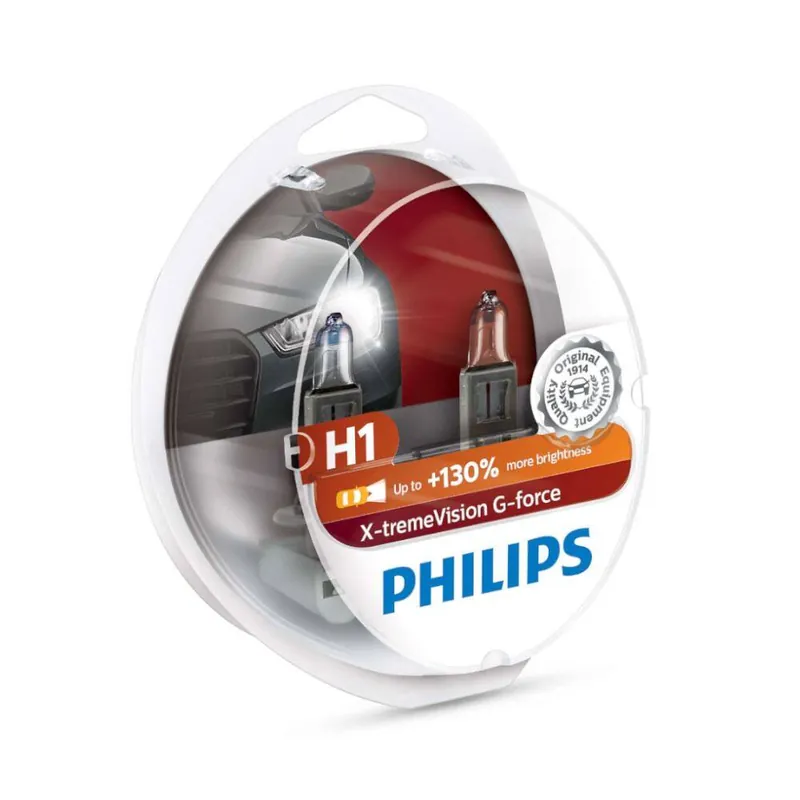 Promocja ŻARÓWKA H1 12V 55W X-TREME VISION G-FORCE 2 SZT. PHILIPS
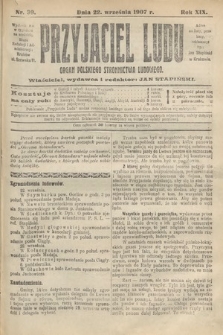 Przyjaciel Ludu : organ Polskiego Stronnictwa Ludowego. 1907, nr 39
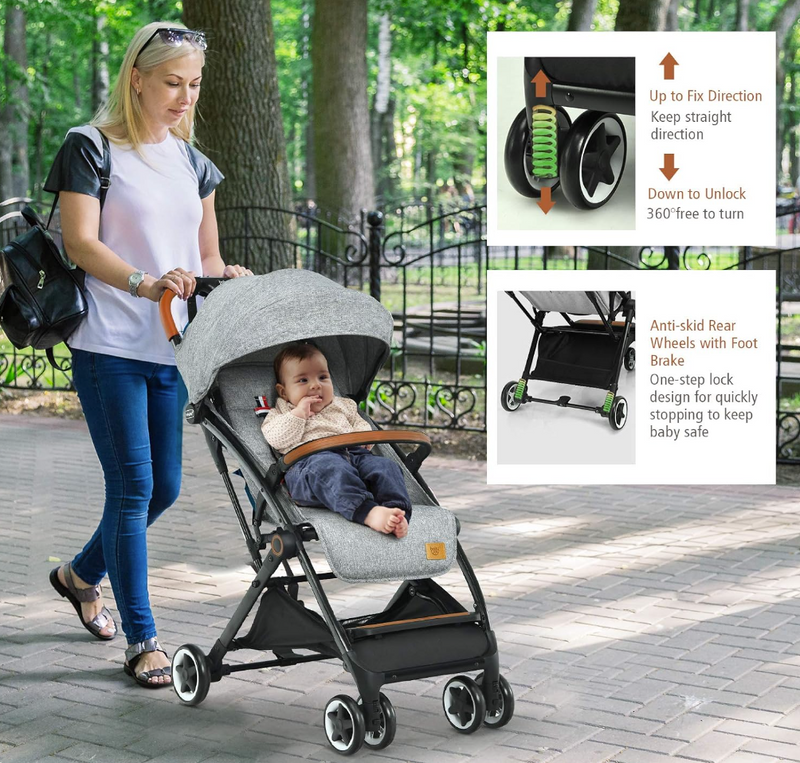 Rever Bebe Quick Folding Baby Stroller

*Exercise brief*. Starting at the line with "Przyjaciel Ludu : organ", transcribe the listing above exactly through its last line. No picture belongs in the transcription.

*Finished exercise*.
 Przyjaciel Ludu : organ Polskiego Stronnictwa Ludowego. 1907, nr 39
 Rever Bebe Quick Folding Baby Stroller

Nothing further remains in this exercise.